Vita
1938 geboren in Potsdam
1956-1960 Studium an der Fachhochschule für Gestaltung in Hamburg, Diplomabschluß
1966, 1967 und 1968 Malerei bei Emilio Vedova in Salzburg
1967 Gruppe Cordoba
1966-1972 fünf Beteiligungen an Landesschauen Bildender Künstler Schleswig-Holsteins (BBK S-H) in der Kunsthalle zu Kiel
1970-1971 Teilnahme am Projekt "Spielen" mit einem kombinatorischen Raumobjekt im Kunsthaus Hamburg (Kat.)
weitere Ausstellungen und Ausstellungsbeteiligungen
u.a. in Kiel (Brunswiker Pavillon), Göttingen (Kunsthaus), Oldenburg i. Oldenburg (Landesmuseum), Teheran (Goethe-Institut)

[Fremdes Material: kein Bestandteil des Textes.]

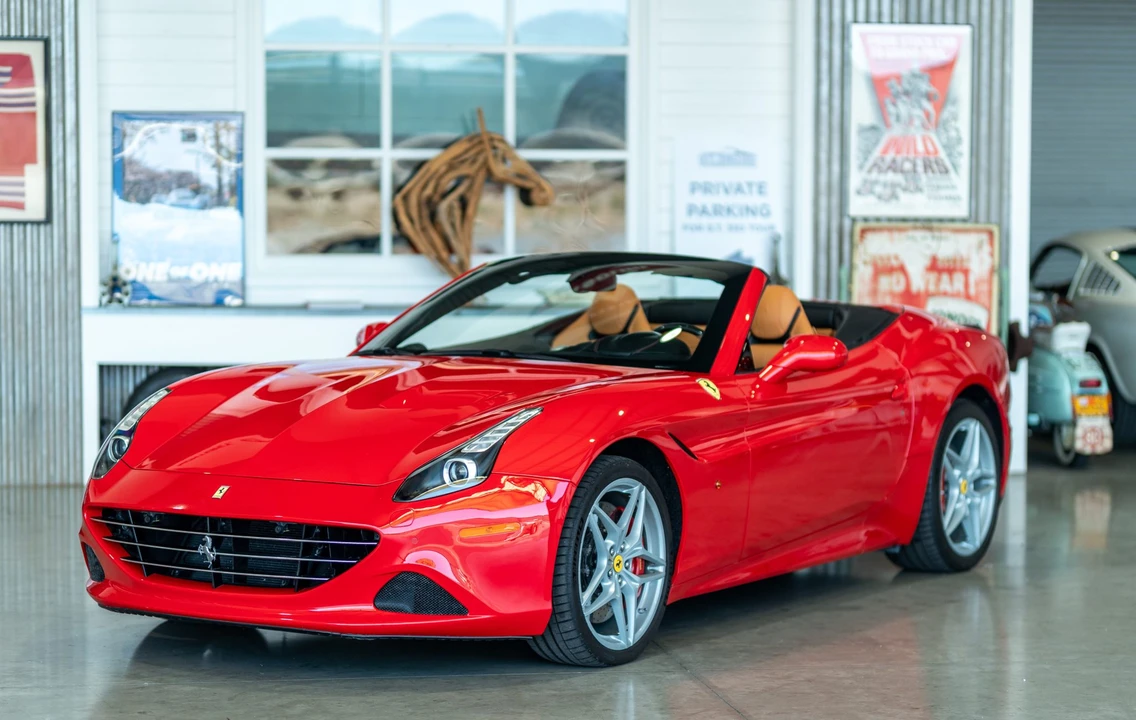 2016 Ferrari California T - Image 11 of 31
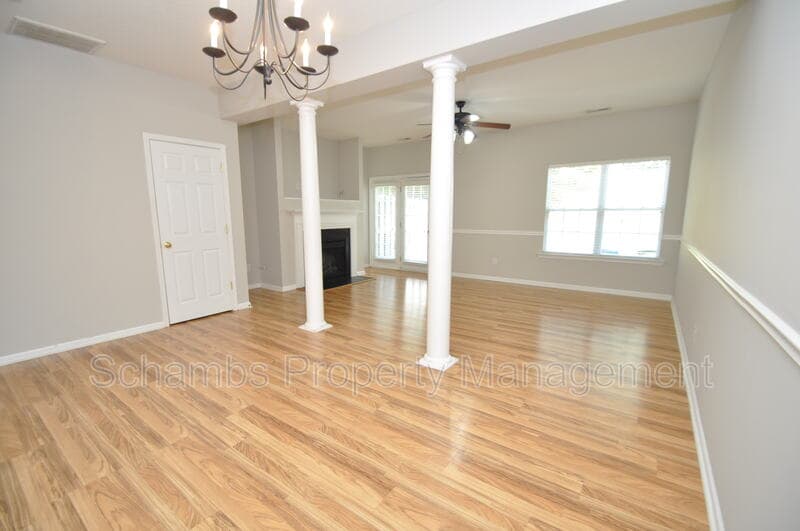 Raleigh House: 10945 Pendragon Pl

1974 -1979 Aufenthalt im Iran
Reisen im Iran, in Afghanistan, Pakistan, Indien, Ladakh, Nepal
seit 1979 Freiluftatelier auf dem Peloponnes
seit 1993 Atelier in Lübeck
Mitglied des Bundesverbandes Bildender Künstler (BBK) Schleswig-Holstein und der Gemeinschaft Lübecker Künstler
Einzel- und Doppelausstellungen
1996 Künstlerzentrum Lübeck
1997 Palais Quasi non possidentes, Glückstadt
1998–2003 Museumskooperation mit Dieter Ohlhaver "face to face" (Katalog): Bayerisches Staatsministerium, München; Schloß Reinbek; Textilmuseum Neumünster; Museum Historisches Rathaus Mölln; Museum Bad Schwartau; Ostholstein-Museum Eutin; Museum im Kulturzentrum Rendsburg; Kunstverein Heide
2003 und 2008 Kulturkreis Torhaus Wellingsbüttel, Hamburg
Ausstellungsbeteiligungen
seit 1993 an 15 Jahresschauen Lübecker Künstler im Kulturforum Burgkloster zu Lübeck, bzw. 1998 und 2005 in der Landesbibliothek Kiel
an BBK-SH Landesschauen:
2004 im Ernst Barlach Museum Wedel
2005 im Kulturforum Burgkloster zu Lübeck
2007 im Landeskulturzentrum Schloß Salzau
2005, 2006, 2007 Beteiligung an der Nord Art KiC, Büdelsdorf/Rendsburg
Statement
Es geht der Malerin nicht um Eindeutigkeiten, nicht um Festlegungen, vielmehr um ihr Gegenteil, um die Darstellung dynamischer Prozesse, wie dies im immer wiederkehrenden Werktitel NATURE VIVANTE sich andeutet - einer Art Gegentitel zum gängigen "Nature morte", - um Erleben, das nach beiden Zeitenden offen steht und um dessen Versinnlichung. Es ist dies eine Arbeit zwischen Spannung und Getriebensein, in der alle erfahrbaren Wirklichkeitspartikel in vegetativ anmutende, florale Strukturen übersetzt werden, die an Gräser erinnern, an auffächernde Farne, feingliedrig weich und windgefächelt. Ebenso begegnen kristalline Gebilde wie Eis, die dennoch ganz Bewegung sind, in plötzlicher Erstarrung gefangen.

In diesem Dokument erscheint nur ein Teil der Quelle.